CHAPTER 33

I stood away from the crowd in the Jackson airport's baggage claim area and dialed Vince Sloane's cell number. He picked up on the fourth ring.

"Where the hell are you, Doc? All hell's breaking loose here."

There were times when I longed for the old, anonymous pre-caller-ID days.

"Mississippi. Jackson." I tried to shake the fatigue from my head.

"Figures."

"What kind of hell?"

"Jeez, it's hard to know where to start."

"How about with Chris? How is he?"

"Dead."

All during the flight I had hoped the cop at the roadblock had been wrong.

"It's all over the media and they're connecting it to the crap with your boat."

"Wonderful."

"That's not all The Army spooks did a walk-through of your house and got LAPD looking for angles."

"Angles?"

"You know how cops think. All this stuff coming down one thing after another doesn't just happen to innocent people"

Dread sifted down into my gut like lead shot.

"You're the only link they can find connecting all the dots. And you've fled the scene."

"Fled!"

"Whoa! Whoa! It's not me saying that; it's them. Take off your victim hat and look at it from the viewpoint of a detective."

Luggage thudded into the pickup area. I realized he was right.

"You have now become a person of interest," Vince continued.

"A person of-"

"They're taking your place apart with tweezers. I imagine they'll have people over to UCLA pretty soon."

"Oh, hell." I slumped against the wall.

"I also imagine that pretty soon they'll be contacting the local cops in Mississippi about the death of your young lady's mother."

"But that was my mother's funeral. I had no idea Vanessa was even coming."

"I know that, and you do. But their theory is that the slug which killed Vanessa Thompson was meant for you."

"For me? Why do they think someone wanted to kill me?"
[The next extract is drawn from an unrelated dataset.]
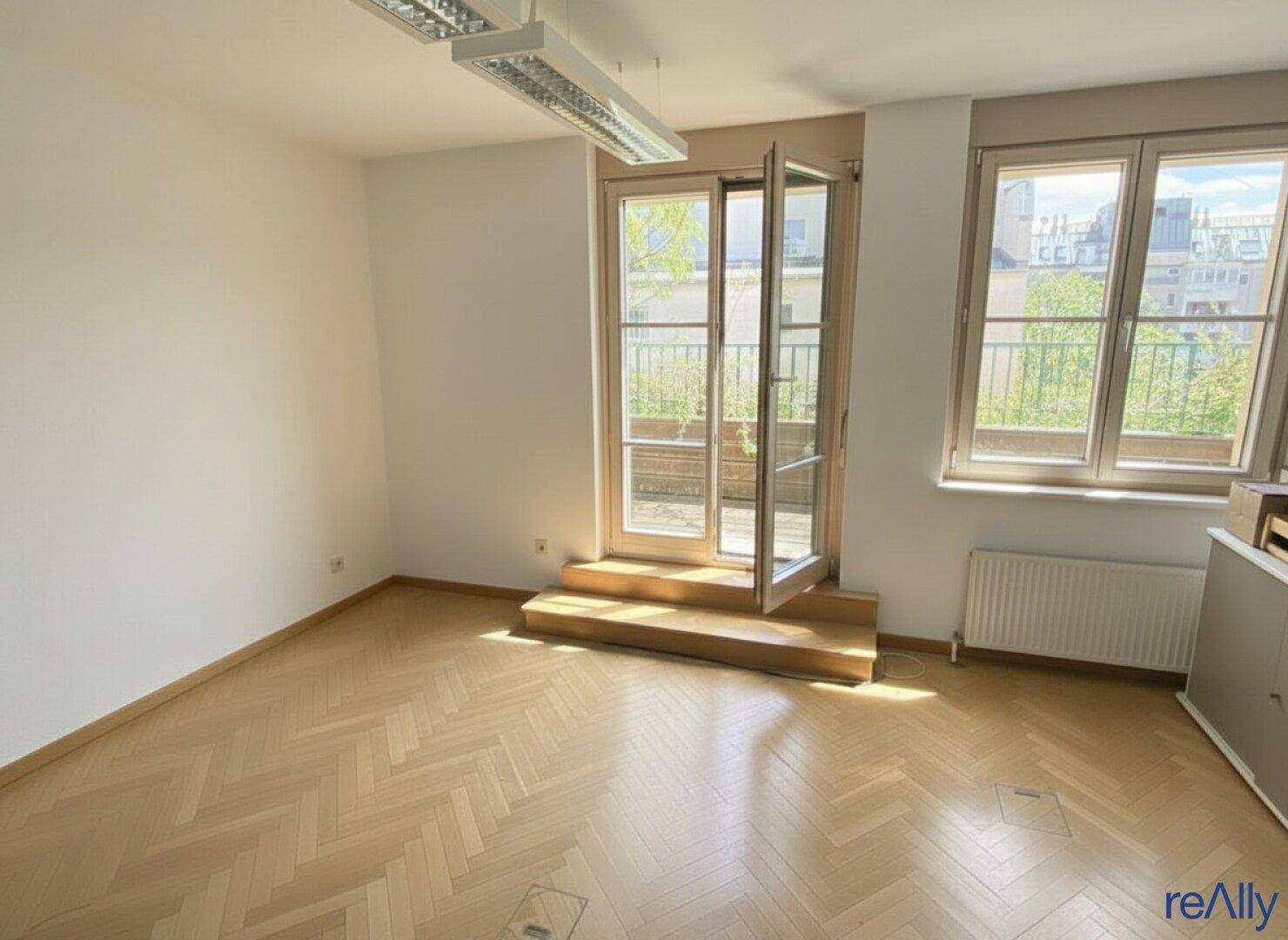 Heller Büroraum mit Zugang zu einem Balkon und großen Fenstern, ausgestattet mit Fischgrätparkett.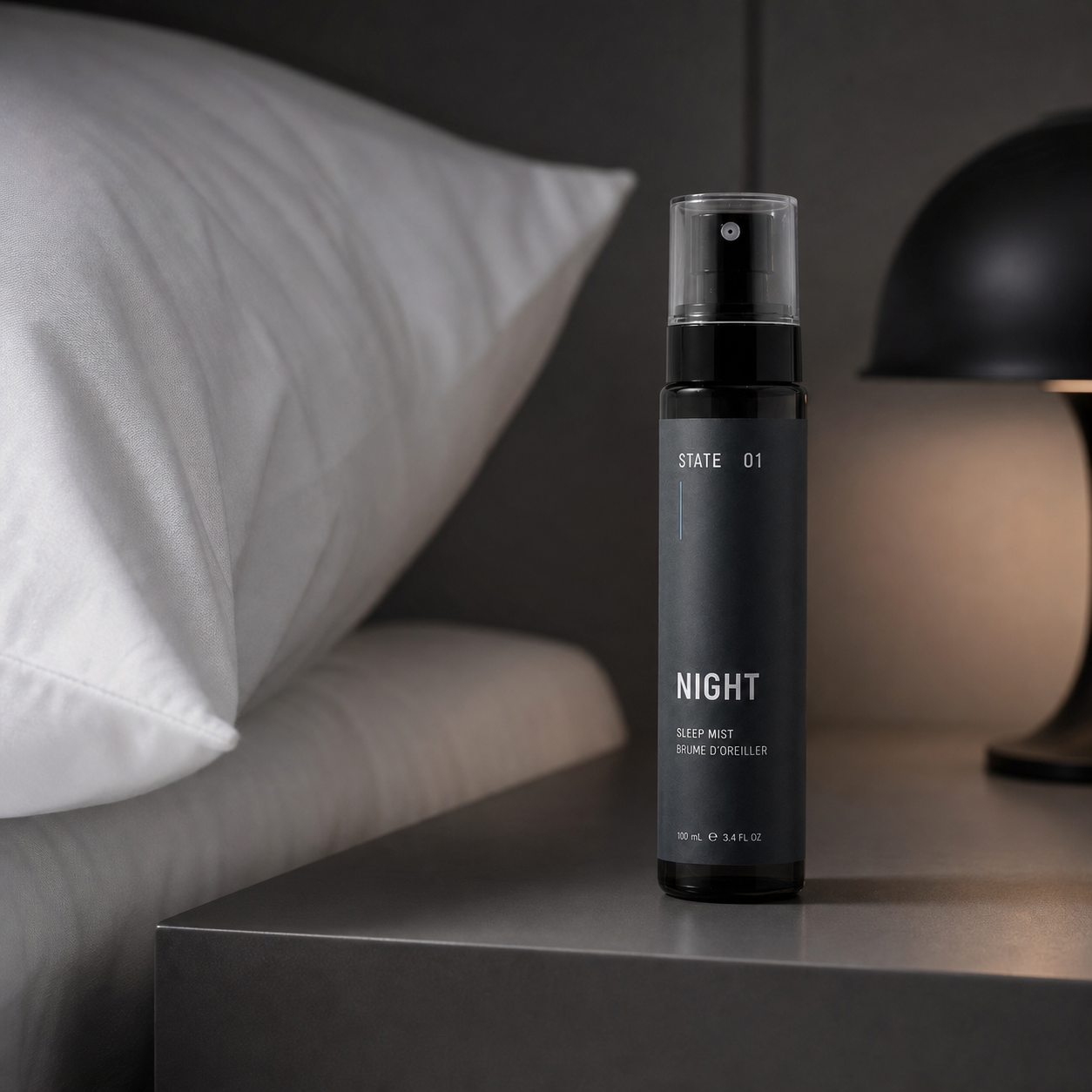 STATE 01 NIGHT beside a white pillow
"They don't know, but they're fabricating a theory about some sort of drug operation-you know, your boat, the attack-"

"That's insane!"

Silence hung heavy between us.

"Vince? You still there?"

"Still here." He cleared his throat. "If I didn't know you… really know you, I'd probably connect the dots the same way."
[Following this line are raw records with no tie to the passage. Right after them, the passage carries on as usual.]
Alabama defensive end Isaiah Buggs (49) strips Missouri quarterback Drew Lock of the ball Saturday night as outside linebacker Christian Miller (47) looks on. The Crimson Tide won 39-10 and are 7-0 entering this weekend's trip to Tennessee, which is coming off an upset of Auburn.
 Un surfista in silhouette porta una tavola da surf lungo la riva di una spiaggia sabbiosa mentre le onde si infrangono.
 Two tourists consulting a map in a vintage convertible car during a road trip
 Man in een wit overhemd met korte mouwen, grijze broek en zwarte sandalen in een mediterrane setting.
"Oh, man," I said quietly. "I agree something's wrong and none of this is coincidence, but it's tied to this Talmadge thing."

"I hope you can make your case… fast."

Jasmine's bag and my duffel thudded into view. I made my way through the crowd toward them.

"Me too."

"Keep in touch."

"Roger that."


Jael St. Clair pulled her rented Ford Explorer into an empty slot in the short-term parking lot at the Jackson airport terminal where she could watch traffic exiting the rentalcar lot. She swept the blond hair from her face with one hand, then stretched her arms and untangled the knots in her back that had accumulated during the flight from Los Angeles. The Citation was an okay corporate jet, she thought, but as a bedroom, it left a lot to be desired.
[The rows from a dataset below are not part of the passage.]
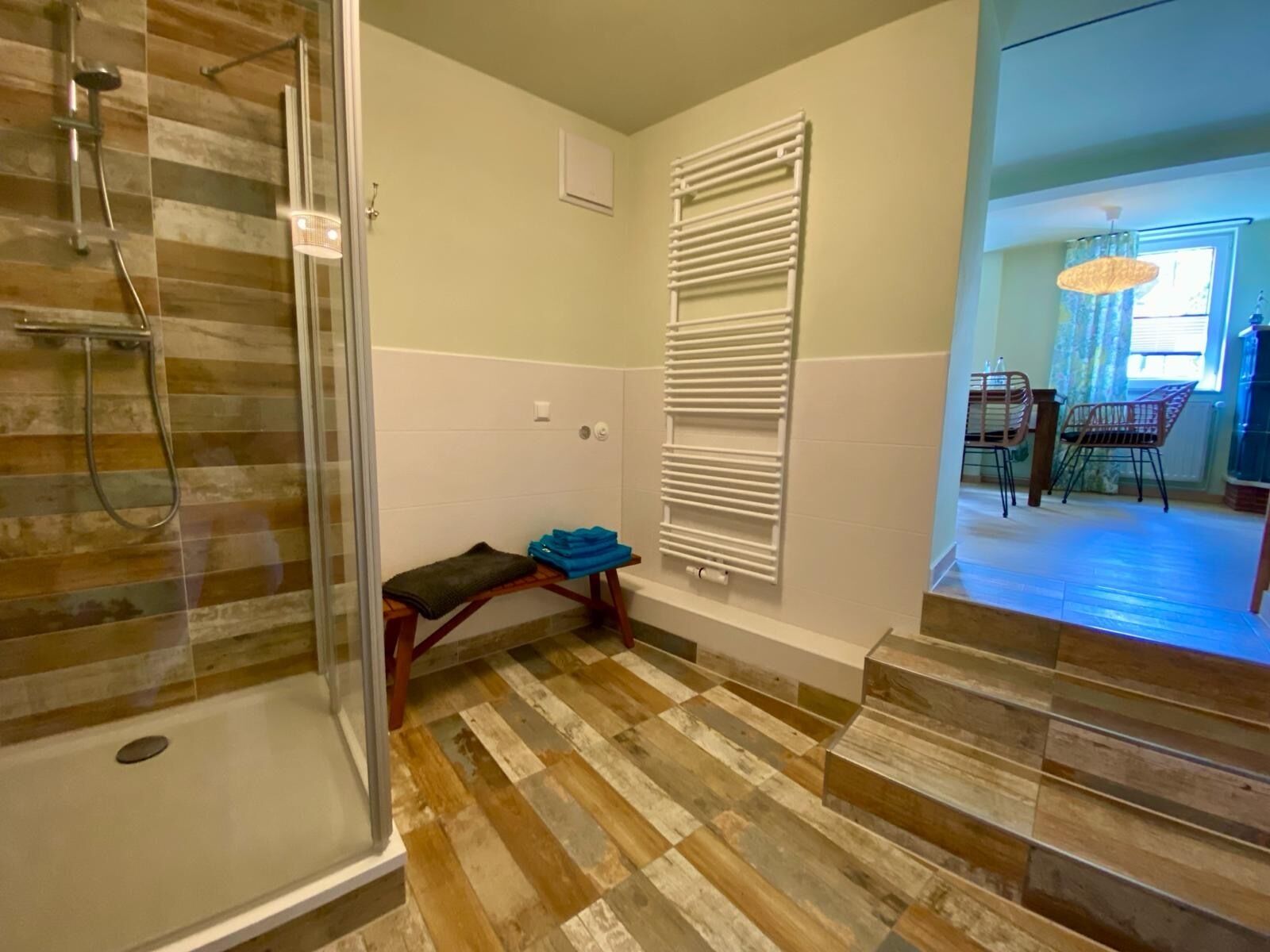 A bathroom with a shower, a towel rack, and a bench.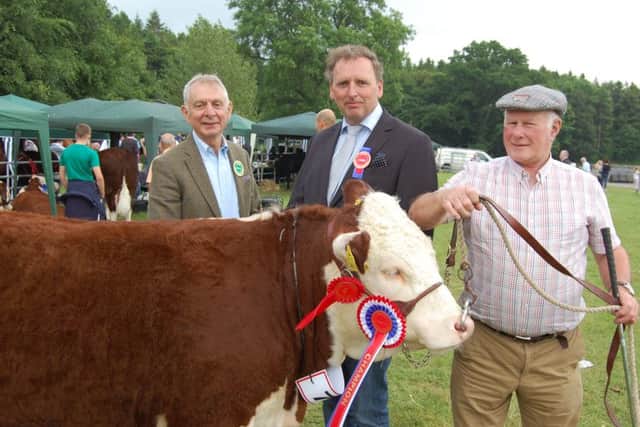 Judge Anders Mortensen (centre) from Denmark, congratulates Mervyn Richmond (right), from Co Fermanagh on winning the Hereford championship at Armagh Show 2016 with an excellent heifer. Adding his congratulations is Co Armagh Hereford breeder Robin Irvine.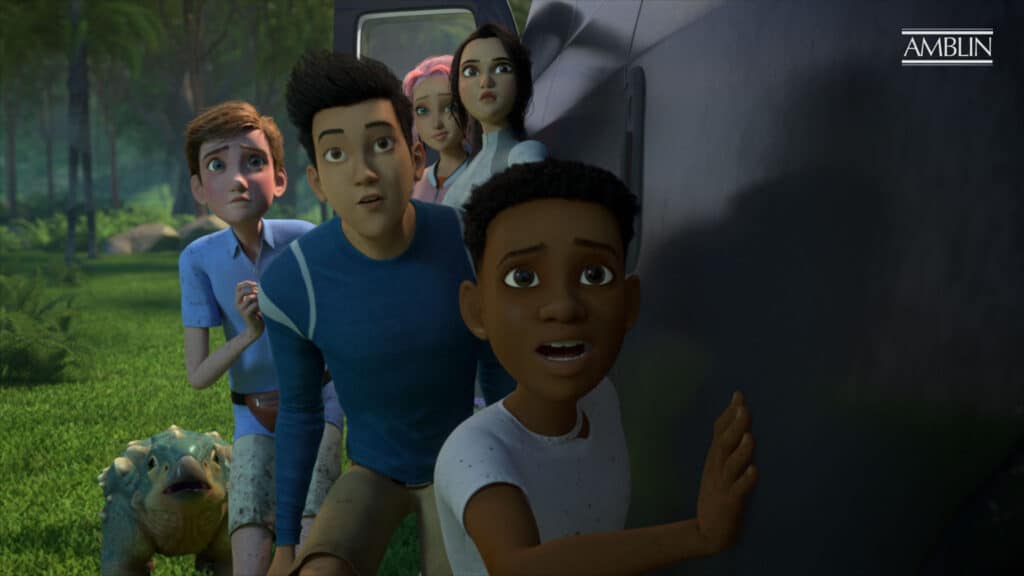 Kids in Jurassic World: Camp Cretaceous hiding behind vehicle with a dinosaur. Photo Credit (DreamWorks Animation / Amblin Entertainment)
She reached over to the substantial saddlebag purse on the seat and, without taking her eyes off the rental lot, sorted through the bag's contents. Her fingers quickly found her cell phone, then the Heckler amp; Koch, HK4 semiautomatic pistol with the. 380 ACP barrel and seven-round magazine, the Garmin, and finally the powerful, compact Zeiss binoculars. She pulled the binoculars out, raised them to her eyes, and adjusted the focus.

Bradford Stone made his way toward a white Ford pickup truck in the rental car lot. He had used a credit card for his flight from L.A. to Jackson, his vehicle here, and his hotel in Greenwood. He might as well be wearing a strobe on his head. Stone put his bags in the jump seat of the truck and got into the driver's seat. After several moments of adjusting mirrors and seats, he drove out of the rental lot.

Stone drove past her. Jael waited for a moment, allowing a battered Chevy truck and a midsixties Toronado listing from a broken suspension to pass, then pulled into traffic behind them, heading toward I-20.